Rabu, 09 Februari 2011

Madzhab Syafi'i

1. Biografi Imam Syafi’i Sepanjang Hidupnya.

Imam Syafi’i adalah sosok seseorang yang sangat tangguh dalam berpendirian yang selalu optimis walaupun posisi dari keluarganya yang sangat pas-pasan dan Yatim, beliau bukan keturunan dari seorang Kiyai, beliau berasal dari keturunan Petani keluarga yang sangat primitiv sekali.

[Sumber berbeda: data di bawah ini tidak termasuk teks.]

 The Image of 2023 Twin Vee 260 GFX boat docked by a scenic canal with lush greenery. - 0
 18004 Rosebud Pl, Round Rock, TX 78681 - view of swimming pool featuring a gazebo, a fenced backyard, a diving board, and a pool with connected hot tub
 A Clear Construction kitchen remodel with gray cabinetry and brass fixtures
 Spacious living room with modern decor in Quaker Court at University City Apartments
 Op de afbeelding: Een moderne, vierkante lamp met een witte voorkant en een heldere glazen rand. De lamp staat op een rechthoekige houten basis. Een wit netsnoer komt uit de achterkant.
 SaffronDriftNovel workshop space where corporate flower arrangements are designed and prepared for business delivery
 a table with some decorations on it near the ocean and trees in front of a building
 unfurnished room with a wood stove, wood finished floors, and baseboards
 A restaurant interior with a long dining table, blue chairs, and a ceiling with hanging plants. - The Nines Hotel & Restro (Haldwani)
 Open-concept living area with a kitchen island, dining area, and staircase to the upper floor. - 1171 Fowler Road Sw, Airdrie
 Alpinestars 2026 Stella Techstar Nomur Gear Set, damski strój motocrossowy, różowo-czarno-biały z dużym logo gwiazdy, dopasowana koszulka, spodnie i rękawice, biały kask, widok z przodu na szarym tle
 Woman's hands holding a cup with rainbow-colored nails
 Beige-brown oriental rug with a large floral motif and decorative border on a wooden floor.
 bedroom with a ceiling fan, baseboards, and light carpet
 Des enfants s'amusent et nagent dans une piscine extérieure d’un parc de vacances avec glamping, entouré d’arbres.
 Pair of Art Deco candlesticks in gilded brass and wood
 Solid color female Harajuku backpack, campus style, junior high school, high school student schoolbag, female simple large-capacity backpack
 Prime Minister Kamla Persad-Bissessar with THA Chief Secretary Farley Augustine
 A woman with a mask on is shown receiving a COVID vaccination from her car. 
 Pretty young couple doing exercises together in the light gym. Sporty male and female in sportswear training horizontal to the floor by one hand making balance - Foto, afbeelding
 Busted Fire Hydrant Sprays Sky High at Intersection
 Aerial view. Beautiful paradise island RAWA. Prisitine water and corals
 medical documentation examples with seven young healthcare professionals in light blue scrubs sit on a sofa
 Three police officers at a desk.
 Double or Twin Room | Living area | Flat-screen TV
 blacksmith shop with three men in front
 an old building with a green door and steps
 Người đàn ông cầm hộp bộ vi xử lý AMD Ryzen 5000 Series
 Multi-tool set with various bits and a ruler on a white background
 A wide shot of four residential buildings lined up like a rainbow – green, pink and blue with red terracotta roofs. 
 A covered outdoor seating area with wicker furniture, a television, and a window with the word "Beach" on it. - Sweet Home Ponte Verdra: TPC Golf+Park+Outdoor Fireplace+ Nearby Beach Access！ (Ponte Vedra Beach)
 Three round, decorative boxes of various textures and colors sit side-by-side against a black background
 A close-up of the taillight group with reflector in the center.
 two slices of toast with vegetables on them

Namun hal itu tidak menjadikan beliau patah dan kendor semangat, justru sebaliknya.

Nama asli dari beliau adalah Muhammad Ibnu Idris As-Syafi’i Al-Quraisyi, Beliau dilahirkan awal tahun 150 H. dan beliau wafat pada tahun 204 H. beliau hidup didunia kurang lebih selama 54 tahun. Beliau ditinggal bapaknya ketika beliau masih beumur 2 tahun, Bapak beliau bernama Idris, berasal dari daerah Tibalah (sebuah daerah di wilayah Tihamah di jalan menuju ke Yaman), dia seorang yang tidak berpunya, awaalnya dia tinggal di Medinah lalu berpindah dan menetap di ‘Asqalan (kota tepi pantai di wilayah Palestina) dan akhirnya meninggal dalam keadaan masih muda disana.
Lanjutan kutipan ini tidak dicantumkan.